Из покосившейся калитки вышел Макар.
Парень был на голову выше любого сверстника, но в его высокой, сутулой фигуре не было ни грана юности.
Широкие плечи, на которых была вся забота , грузом тяжелым казалось, давили на него самого, сгибая к земле.
Он остановился в двух шагах от матери, не протягивая руки. Семнадцать лет — это возраст, когда глаза должны гореть надеждой, но глаза Макара были тёмными, как та самая лужа, и до краев полными печали.
Он молчал, стиснув челюсти.
— Мамка, ты каждый день такая, — наконец выдохнул он глухо, без злобы, лишь с бесконечной усталостью.
— Пьяная.
-Устал я уже от вас.
— А ты мне не указ! — заверещала Христина, пытаясь отползти к крыльцу.

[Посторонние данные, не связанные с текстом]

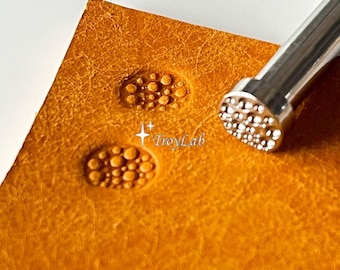 May include: A silver metal leather stamping tool with a circular head featuring a textured pattern of small raised dots. The tool is positioned next to two circular impressions on a piece of tan leather, each showing the same dot pattern. Text reads TroyLab.
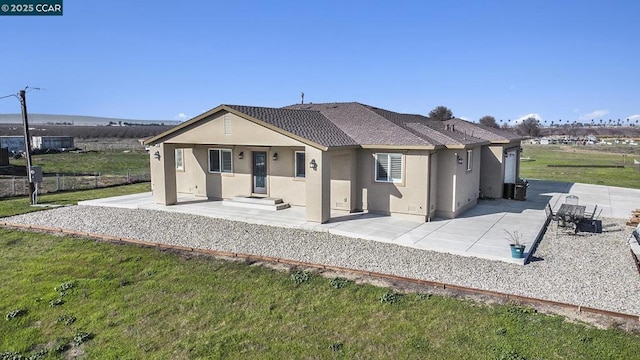 back of house with a patio and a yard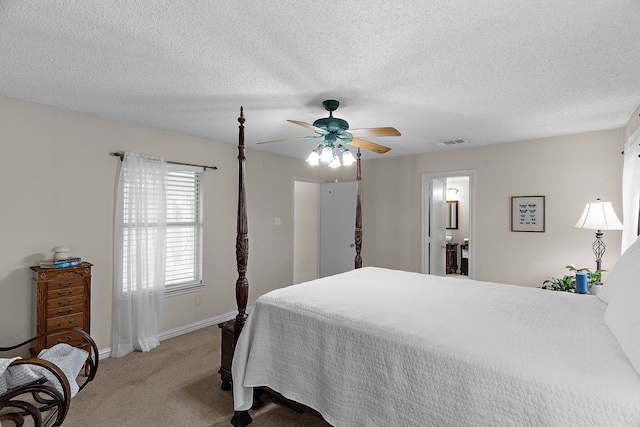 bedroom with carpet flooring, baseboards, ceiling fan, and a textured ceiling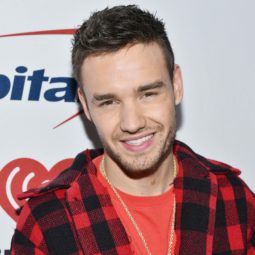 one direction singer liam payne wearing a red checked shirt with his signature cropped hairstyle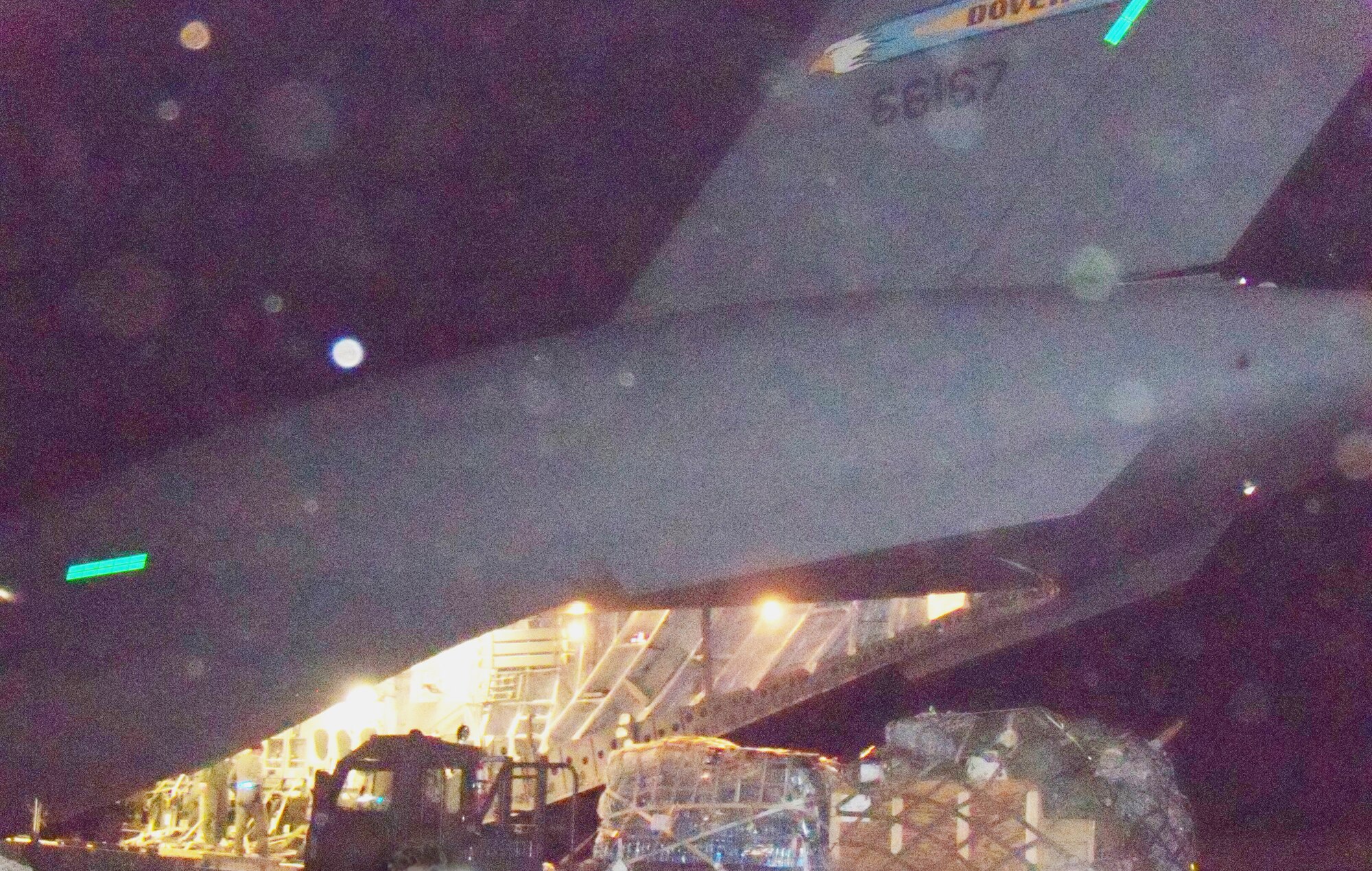 A C-17 Globemaster III crew from the 3rd Airlift Squadron at Dover Air Force Base, Del., drops off 90,000 pounds of disaster relief aid at the Port-au-Prince airport in Haiti on Jan. 19, 2010, in support of Operation Unified Response. After unloading the cargo, 36 evacuees boarded the aircraft which flew them to the U.S.  (U.S. Air Force photo/2nd Lt. Abigail Wise)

В этот момент дверь в доме с грохотом распахнулась, едва не слетев с ржавых петель.
На пороге возник Никанор.
Мужик был мал ростом, косолап, лыс, как колено, но руки его были узловаты и сильны.
Увидев жену, валяющуюся в грязи, он не проронил ни слова. Лишь дёрнулся щетинистый кадык. Быстрым, звериным движением он сгрёб Христину в охапку, приподнял, словно куль с тряпьем, и поволок в сени.
По дороге его корявый кулак дважды смачно, сочно ударил — куда пришлось, в бок, в плечо.
— Сучка! — донеслось уже изнутри, сквозь треск половиц. — Опять напилась!
За тонкой бревенчатой стеной раздался глухой удар, затем другой. Крик Христины перешел в визг, визг — в мокрое всхлипывание.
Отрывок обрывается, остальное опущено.